* [PROBLEM REQUIREMENTS]: Copy out the lines beginning with the one that contains "Maternity Christmas Best" and ending with the last line below, exactly as they stand. Pictures are not copied.

* [DATA RECORDS]:
+--
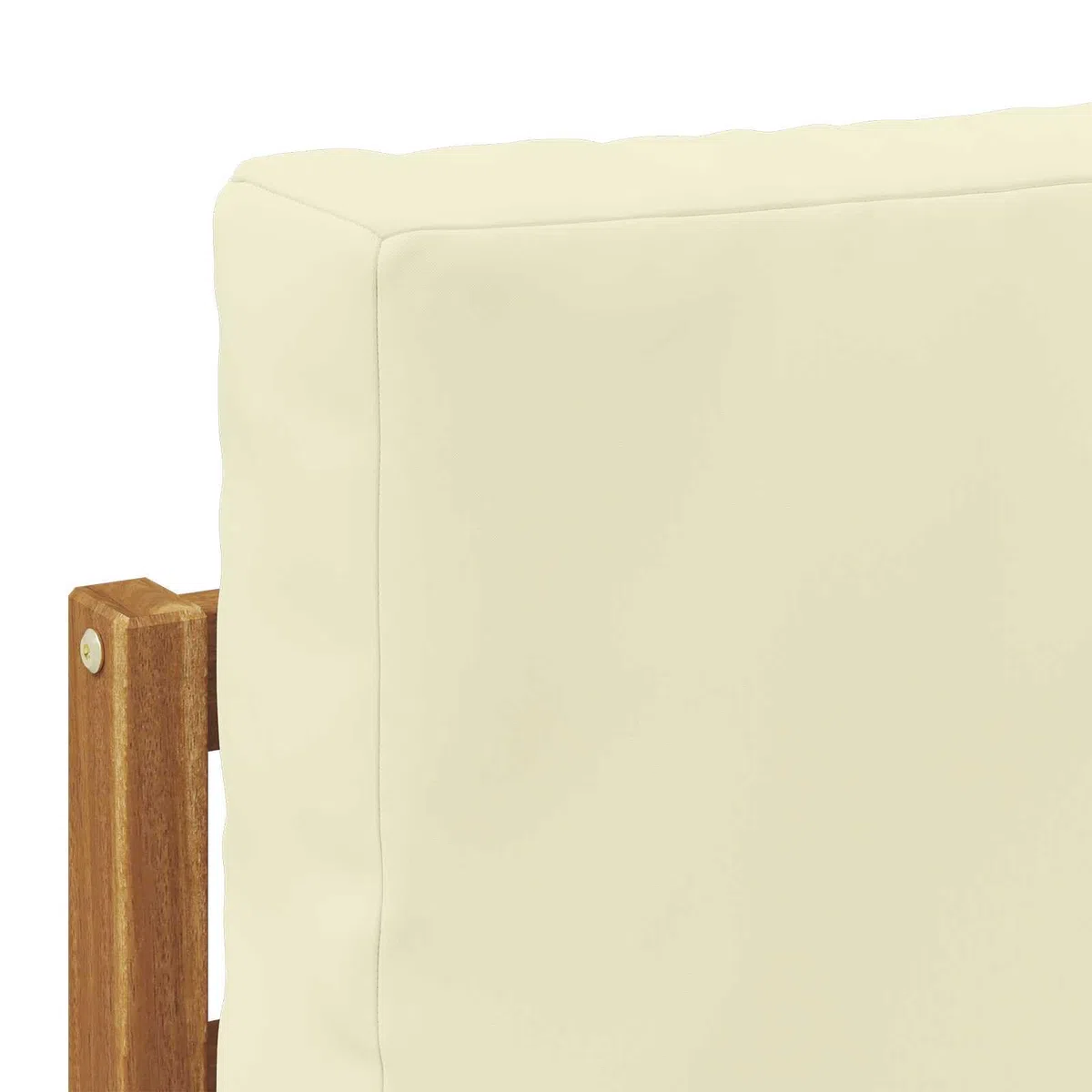 Outdoor-Sofagarnitur 3-teilig mit Kissen aus massivem Akazienholz in Natur und Creme, wetterfestes Gartenmöbel Set für Terrasse Balkon Garten, modernes Design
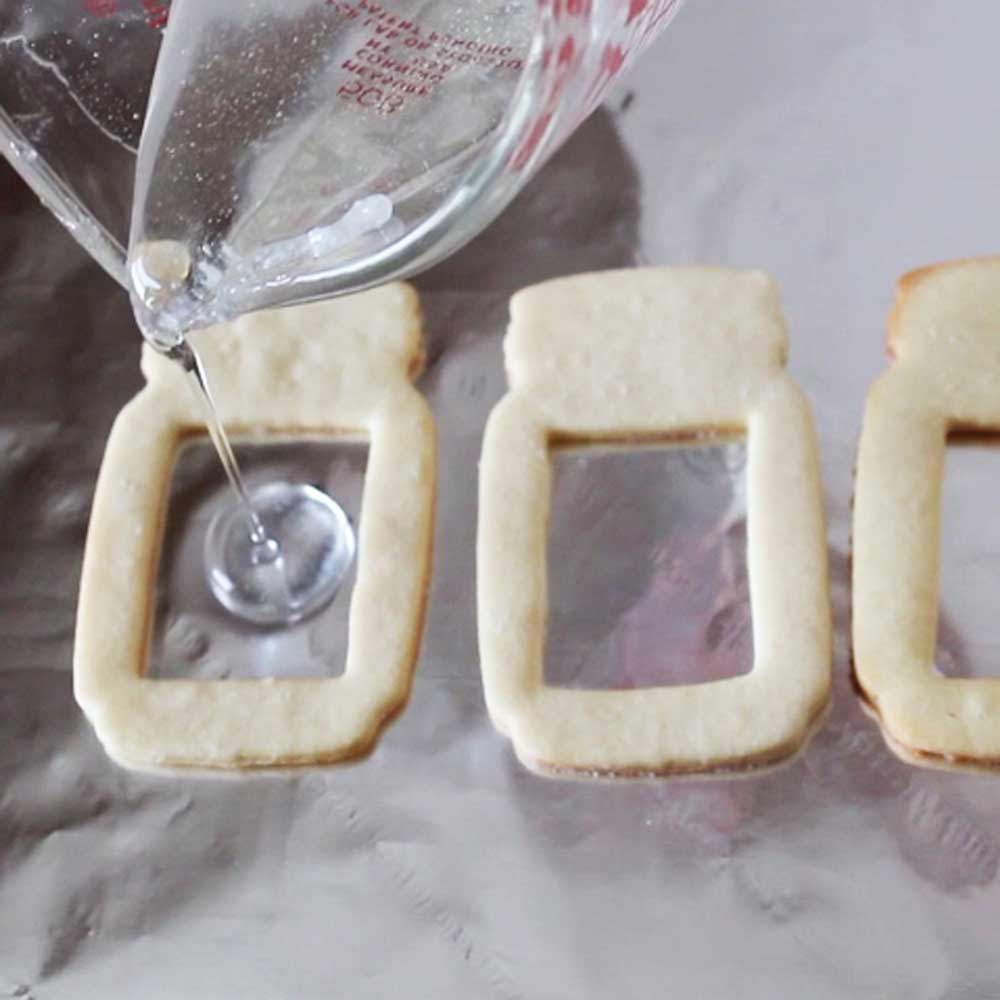Mason Jar Cookies with Candy Glass Isomalt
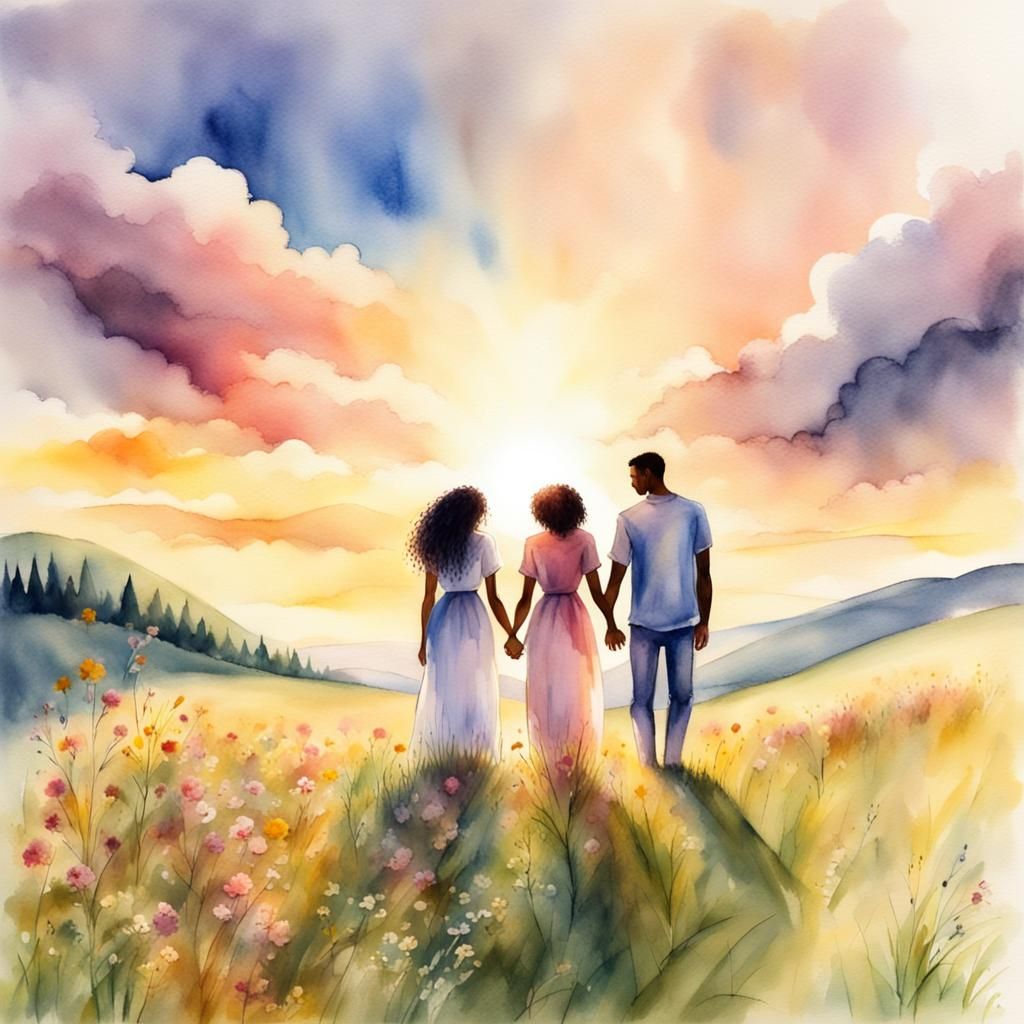 Biracial Couple's Watercolor Picnic at Sunset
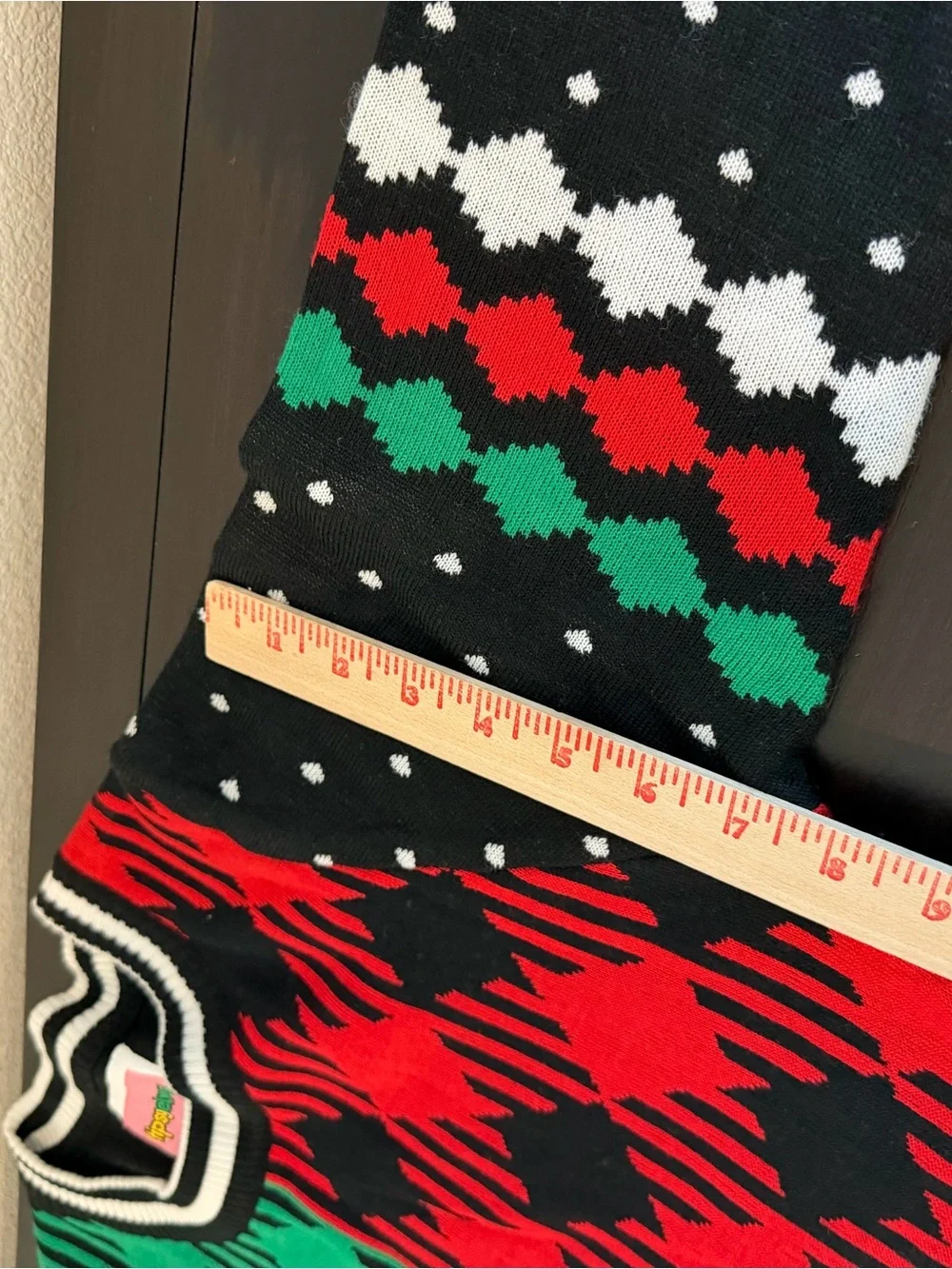 Maternity Christmas Best Gift Ever Red & Green Diamond Bow Sweater M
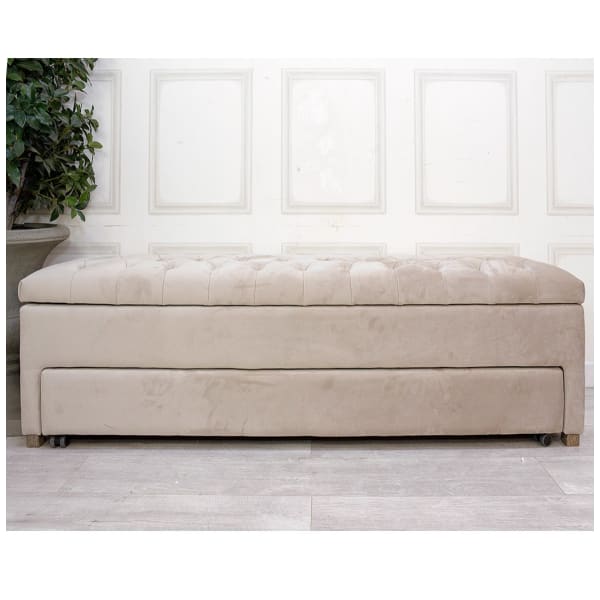 Buttoned Ottoman with Shoe Storage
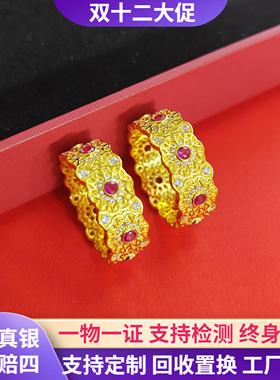 999足金包银玫瑰花窗戒指女指环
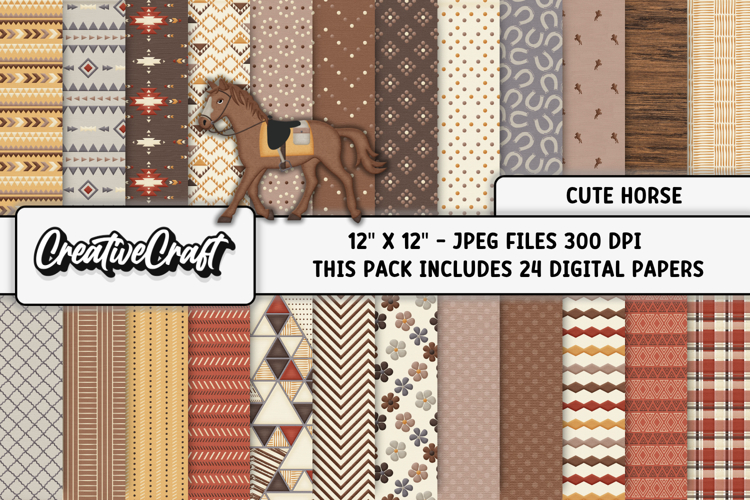 Cute Horse Digital Papers, cute horse backgrounds designs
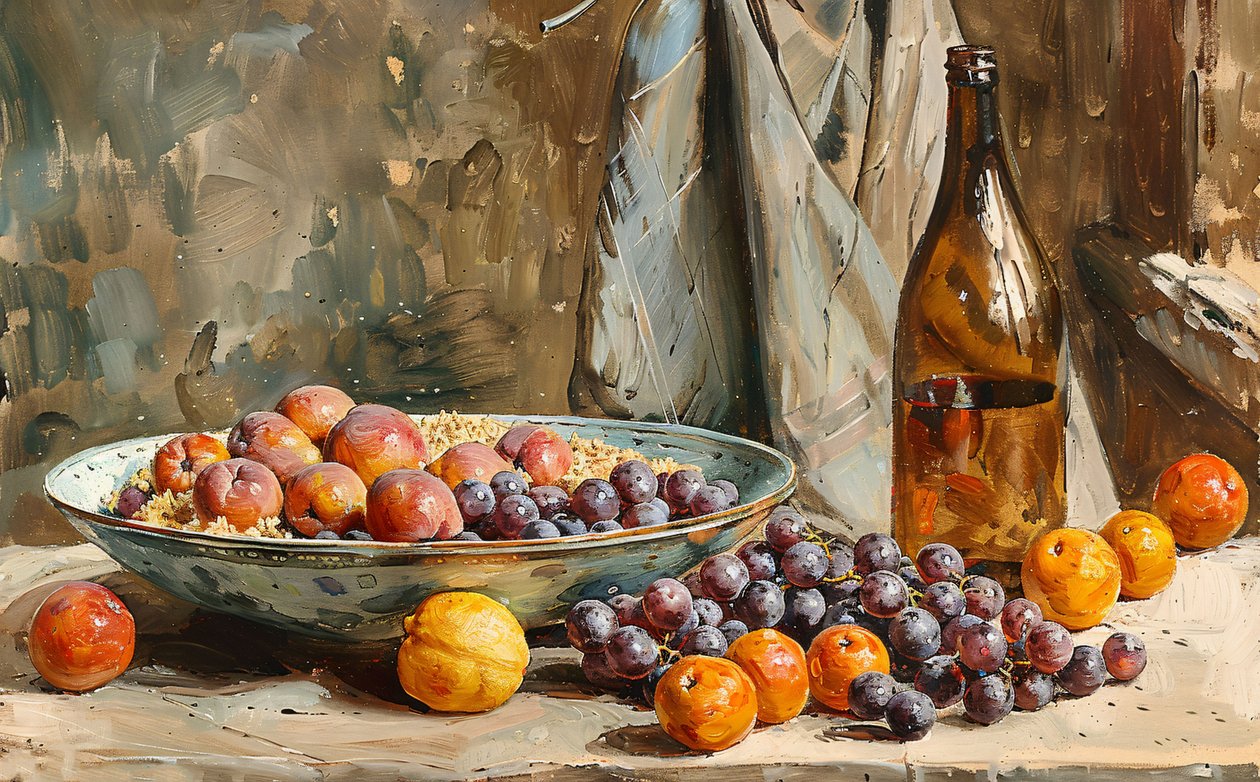 Un bodegón, frutas y botella de vino, pintura pincelada, Decoración de la pared para la venta de F. Abderrahim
+--
* [WRITTEN ANSWER]:
 Maternity Christmas Best Gift Ever Red & Green Diamond Bow Sweater M
 Buttoned Ottoman with Shoe Storage
 999足金包银玫瑰花窗戒指女指环
 Cute Horse Digital Papers, cute horse backgrounds designs
 Un bodegón, frutas y botella de vino, pintura pincelada, Decoración de la pared para la venta de F. Abderrahim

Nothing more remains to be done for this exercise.